IM, SUBQ: Administer IM or SUBQ into midlateral aspect of the thigh in infants and small children; administer in the deltoid area in older children and adolescents; not for IV administration. Do not mix with other vaccines or injections; separate needles and syringes should be used for each injection (ACIP [Kroger 2021]). To prevent syncope-related injuries, adolescents should be vaccinated while seated or lying down (ACIP [Kroger 2021]). US law requires that the date of administration, the vaccine manufacturer, lot number of vaccine, Vaccine Information Statement (VIS) edition date and date it was provided, and the administering person's name, title, and address be recorded.

For patients at risk of hemorrhage following IM injection, the vaccine should be administered IM if, in the opinion of the physician familiar with the patient's bleeding risk, the vaccine can be administered by this route with reasonable safety. If the patient receives antihemophilia or other similar therapy, IM vaccination can be scheduled shortly after such therapy is administered. A fine needle (23 gauge or smaller) should be used for the vaccination and firm pressure applied to the site (without rubbing) for at least 2 minutes. The patient should be instructed concerning the risk of hematoma from the injection. Patients on anticoagulant therapy should be considered to have the same bleeding risks and treated as those with clotting factor disorders (ACIP [Kroger 2021]).

Medication Guide and/or Vaccine Information Statement (VIS)

In the U.S, the appropriate CDC-approved Vaccine Information Statement (VIS) must be provided to the patient prior to administering each dose of this vaccine; VIS is available at http://www.cdc.gov/vaccines/hcp/vis/vis-statements/ipv.html.

Use: Labeled Indications

Poliovirus prevention:

Active immunization for prevention of poliomyelitis caused by poliovirus types 1, 2, and 3 in the following persons:

US labeling: Infants (≥6 weeks), children, adolescents, and adults

Canadian labeling: Infants (≥2 months), children, adolescents, and adults

The Advisory Committee on Immunization Practices (ACIP) and Canada's National Advisory Committee on Immunization (NACI) recommend routine vaccination for the following:

• All infants and children (CDC/ACIP 2009; PHAC 2015)

Routine vaccination of adults in the United States and Canada is generally not recommended. Adults with previous wild poliovirus disease, who have never been vaccinated, or those who are incompletely vaccinated may receive inactivated poliovirus vaccine if they fall into one of the following categories (CDC/ACIP [Prevots 2000]; PHAC 2015):

• Travelers to regions or countries where poliomyelitis is endemic or epidemic

• Healthcare workers in close contact with patients who may be excreting poliovirus

• Laboratory workers handling specimens that may contain poliovirus

• Members of communities or specific population groups with diseases caused by wild poliovirus

• Incompletely vaccinated or unvaccinated adults in a household or with other close contact with children receiving oral poliovirus (may be at increased risk of vaccine associated paralytic poliomyelitis)

Medication Safety Issues

Sound-alike/look-alike issues:

IPV (inactivated poliovirus vaccine) may be confused with HPV (human papilloma virus vaccine)

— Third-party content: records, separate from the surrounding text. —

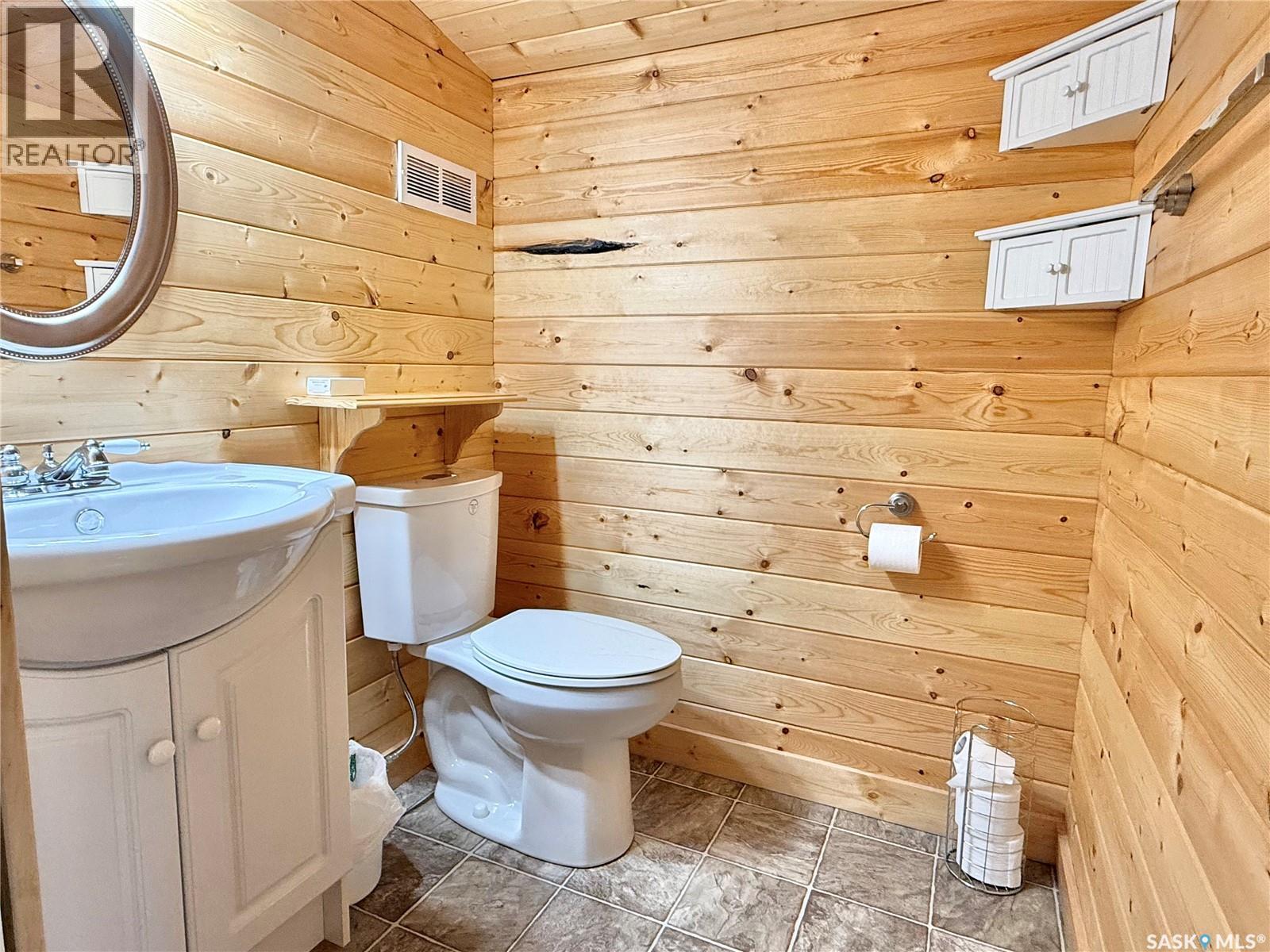 325 Venture Road, Pebble Baye, Saskatchewan  S0J 2G0 - Photo 25 - SK048588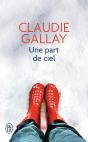 Une Part De Ciel - Preview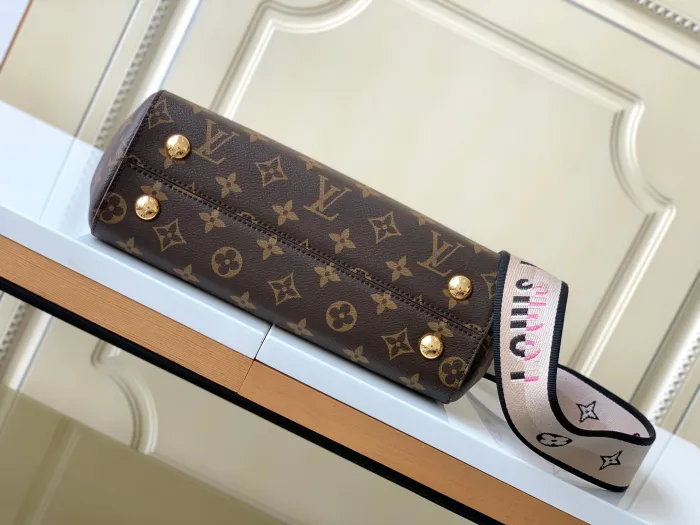 LOUIS VUITTON bags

IPV (inactivated poliovirus vaccine) may be confused with PPD (purified protein derivative tuberculin test).

IPV (inactivated poliovirus vaccine), a trivalent product, may be confused with OPV (oral poliovirus vaccine [live/bivalent]), which is no longer licensed in the United States, but still used in some other countries.

Administration issues:

Poliovirus vaccine (inactivated) may be confused with tuberculin products. Medication errors have occurred when poliovirus vaccine (IPV) has been inadvertently administered instead of tuberculin skin tests (PPD). Both of these products are refrigerated and often stored in close proximity to each other.

Metabolism/Transport Effects

None known.

Drug Interactions

Note: Interacting drugs may not be individually listed below if they are part of a group interaction (eg, individual drugs within “CYP3A4 Inducers [Strong]” are NOT listed). For a complete list of drug interactions by individual drug name and detailed management recommendations, use the Lexicomp drug interactions program by clicking on the “Launch drug interactions program” link above.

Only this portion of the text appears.